— WHAT YOU HAVE TO DO —
Nothing but an exact copy is asked for: the lines in the material below from the one with "Celebrate Thanksgiving by Meredith Curtis" through the one with "Adventure Junkie: How", pictures excluded.

— SUPPLIED DATA —
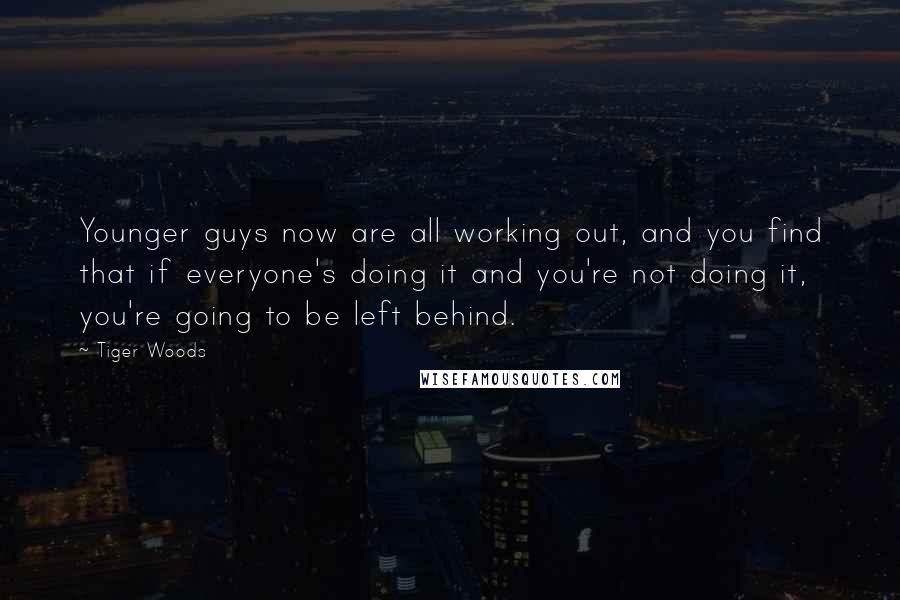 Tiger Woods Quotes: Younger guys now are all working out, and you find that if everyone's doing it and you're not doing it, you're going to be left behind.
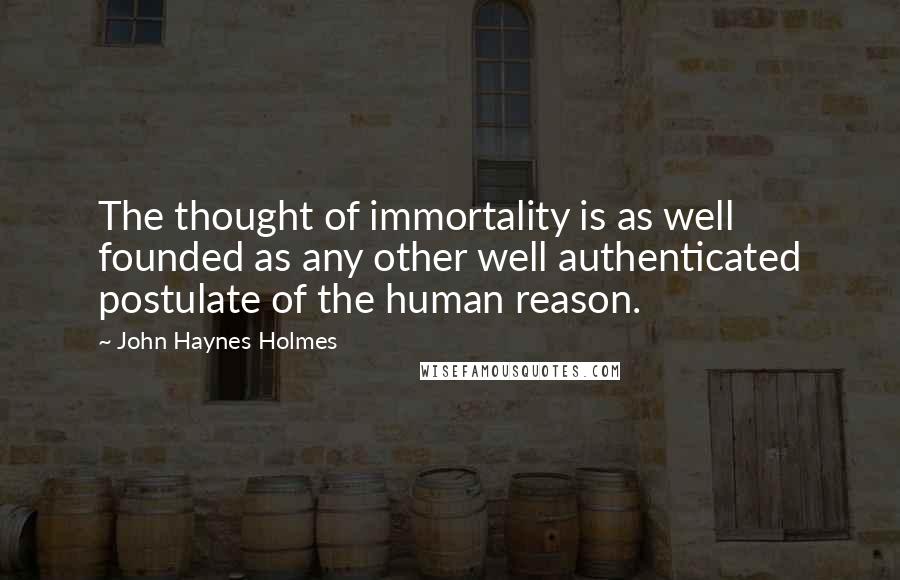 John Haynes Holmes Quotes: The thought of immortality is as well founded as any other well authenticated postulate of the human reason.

==

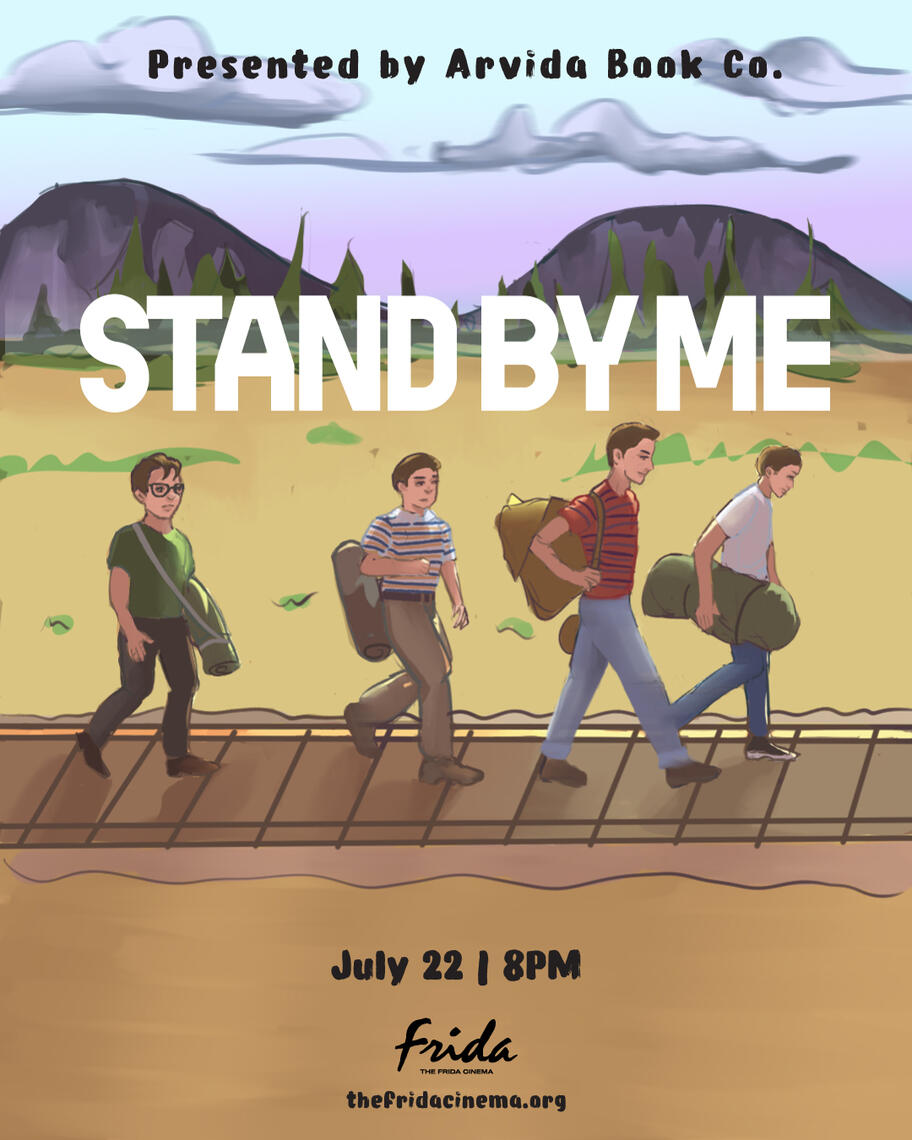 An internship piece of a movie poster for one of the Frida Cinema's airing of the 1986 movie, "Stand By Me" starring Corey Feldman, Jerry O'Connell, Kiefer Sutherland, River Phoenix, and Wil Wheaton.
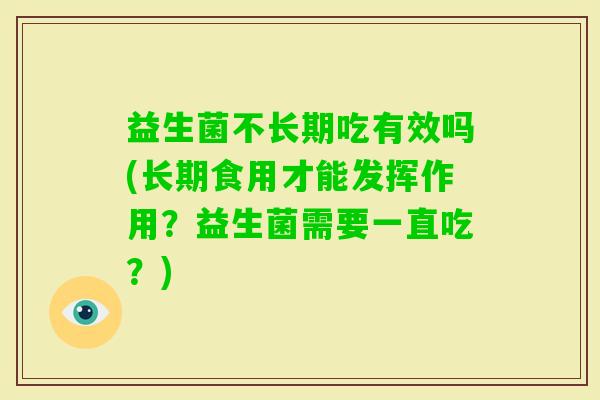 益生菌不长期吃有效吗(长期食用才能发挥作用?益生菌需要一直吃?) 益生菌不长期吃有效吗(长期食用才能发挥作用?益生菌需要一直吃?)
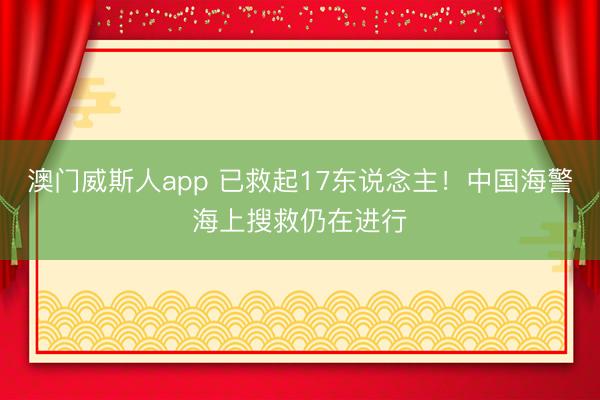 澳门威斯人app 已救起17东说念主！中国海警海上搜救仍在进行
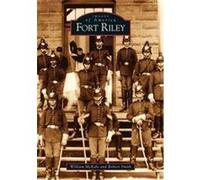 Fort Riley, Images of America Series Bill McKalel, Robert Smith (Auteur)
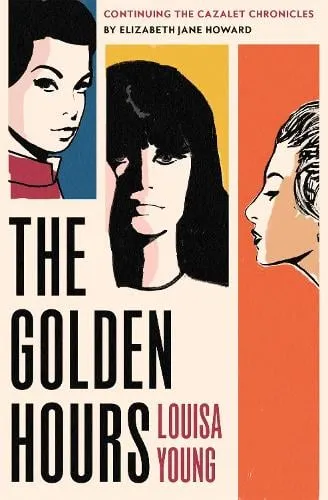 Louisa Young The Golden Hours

==

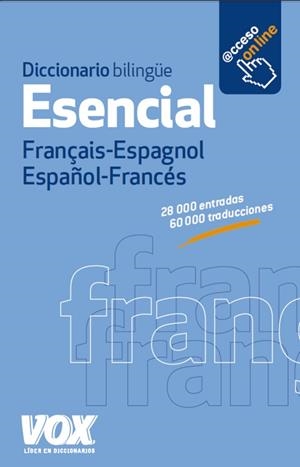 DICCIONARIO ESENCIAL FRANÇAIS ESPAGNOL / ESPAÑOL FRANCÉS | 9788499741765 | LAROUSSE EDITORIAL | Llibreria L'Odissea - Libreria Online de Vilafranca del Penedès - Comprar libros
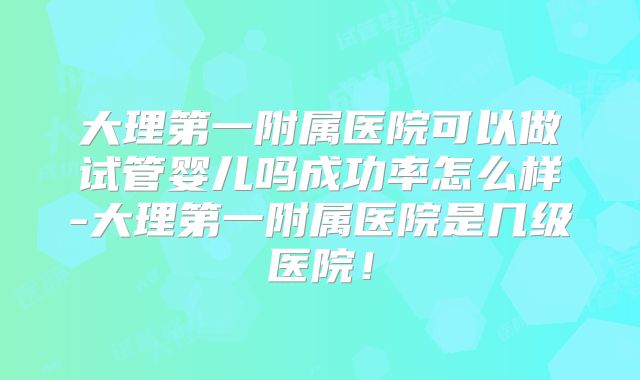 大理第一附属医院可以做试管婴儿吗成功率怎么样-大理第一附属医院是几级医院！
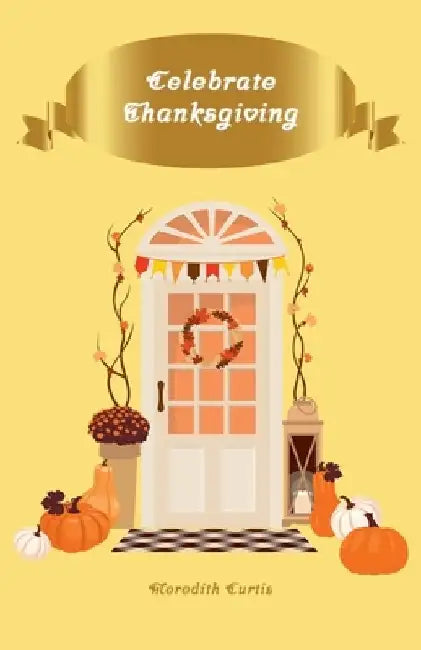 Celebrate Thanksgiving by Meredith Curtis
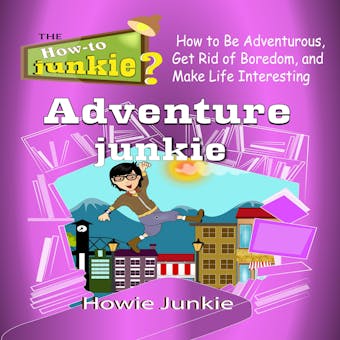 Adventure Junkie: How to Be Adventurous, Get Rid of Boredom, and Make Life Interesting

— EXERCISE RESPONSE —
 Celebrate Thanksgiving by Meredith Curtis
 Adventure Junkie: How to Be Adventurous, Get Rid of Boredom, and Make Life Interesting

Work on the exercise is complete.